In general, the new owners restructure the private company by
selling a significant number of assets (businesses) both to downscope the
company and to reduce the level of debt (and significant debt costs) used to
finance the acquisition.
A primary intent of the new owners is to improve the
company's efficiency. This enables
them to sell the company (outright to another owner or by a public stock
underwriting), thus capturing the value created through the restructuring.
However, LBOs are quite low in the U.S itself, the country of
its origin and is not practised in India due to lack of funding and paucity of
professional companies where it can be done.

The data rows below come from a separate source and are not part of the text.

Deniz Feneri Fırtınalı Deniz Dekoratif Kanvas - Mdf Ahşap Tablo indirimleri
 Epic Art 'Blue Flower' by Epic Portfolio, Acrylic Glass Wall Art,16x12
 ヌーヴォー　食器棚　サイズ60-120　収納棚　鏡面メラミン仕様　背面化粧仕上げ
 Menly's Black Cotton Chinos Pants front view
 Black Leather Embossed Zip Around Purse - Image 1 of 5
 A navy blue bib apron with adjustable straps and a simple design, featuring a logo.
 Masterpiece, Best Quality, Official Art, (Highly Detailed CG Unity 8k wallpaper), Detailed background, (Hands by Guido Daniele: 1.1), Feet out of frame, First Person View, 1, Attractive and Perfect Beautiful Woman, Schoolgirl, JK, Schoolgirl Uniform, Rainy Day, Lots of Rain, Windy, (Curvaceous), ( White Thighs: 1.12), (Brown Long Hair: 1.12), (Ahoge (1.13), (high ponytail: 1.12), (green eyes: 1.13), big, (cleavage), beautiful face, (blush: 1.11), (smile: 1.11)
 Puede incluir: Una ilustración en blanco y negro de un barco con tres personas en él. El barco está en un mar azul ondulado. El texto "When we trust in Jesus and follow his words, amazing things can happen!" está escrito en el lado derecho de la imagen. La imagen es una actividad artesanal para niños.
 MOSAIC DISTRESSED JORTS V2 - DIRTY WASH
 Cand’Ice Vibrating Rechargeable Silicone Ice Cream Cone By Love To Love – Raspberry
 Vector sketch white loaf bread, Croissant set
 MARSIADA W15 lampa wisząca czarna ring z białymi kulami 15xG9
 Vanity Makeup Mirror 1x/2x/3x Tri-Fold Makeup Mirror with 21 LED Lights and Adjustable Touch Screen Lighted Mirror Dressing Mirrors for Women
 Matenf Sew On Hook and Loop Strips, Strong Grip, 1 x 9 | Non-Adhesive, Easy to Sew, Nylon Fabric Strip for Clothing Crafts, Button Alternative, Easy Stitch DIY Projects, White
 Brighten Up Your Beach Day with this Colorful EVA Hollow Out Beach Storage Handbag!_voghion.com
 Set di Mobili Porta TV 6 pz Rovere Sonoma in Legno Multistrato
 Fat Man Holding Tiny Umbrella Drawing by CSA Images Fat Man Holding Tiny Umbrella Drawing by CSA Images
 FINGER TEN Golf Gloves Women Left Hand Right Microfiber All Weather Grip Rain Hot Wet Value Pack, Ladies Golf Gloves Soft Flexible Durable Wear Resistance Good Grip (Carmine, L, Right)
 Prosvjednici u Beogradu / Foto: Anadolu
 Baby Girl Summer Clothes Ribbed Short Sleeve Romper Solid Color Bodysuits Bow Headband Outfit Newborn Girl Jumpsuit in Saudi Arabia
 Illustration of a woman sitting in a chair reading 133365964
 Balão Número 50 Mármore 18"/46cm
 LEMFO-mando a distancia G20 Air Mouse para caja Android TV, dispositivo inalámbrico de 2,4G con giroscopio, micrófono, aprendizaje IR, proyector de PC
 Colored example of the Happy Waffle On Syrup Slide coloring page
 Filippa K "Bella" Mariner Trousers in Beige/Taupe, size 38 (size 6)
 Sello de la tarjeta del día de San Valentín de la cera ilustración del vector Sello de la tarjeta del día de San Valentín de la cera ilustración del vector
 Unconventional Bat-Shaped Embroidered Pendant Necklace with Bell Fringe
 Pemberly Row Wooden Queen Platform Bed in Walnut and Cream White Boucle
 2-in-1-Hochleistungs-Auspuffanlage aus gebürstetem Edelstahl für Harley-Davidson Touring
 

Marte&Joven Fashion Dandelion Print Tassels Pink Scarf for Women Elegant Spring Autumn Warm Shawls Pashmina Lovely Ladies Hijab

Research has shown that downsizing does not usually lead to
higher company performance--only 41 percent of downsizing companies have
reported productivity increases, and only 37 percent have realized any long-term
gains in shareholder value, according to a study in U.S. Another study showed that downsizing
contributed to lower returns in both
U.S. and Japanese companies.
In free-market based societies, downsizing has generated a
host of entrepreneurial opportunities for individuals to operate their own
business. In fact, start-up
ventures in the United States are growing at three times the rate of the
national economy.
In general, restructuring will be successful when it enables
top management to regain strategic control of a company's operations.
Downscoping has been successful because it results in refocusing the company on
its core (and related) businesses and, in turn, on its core competencies.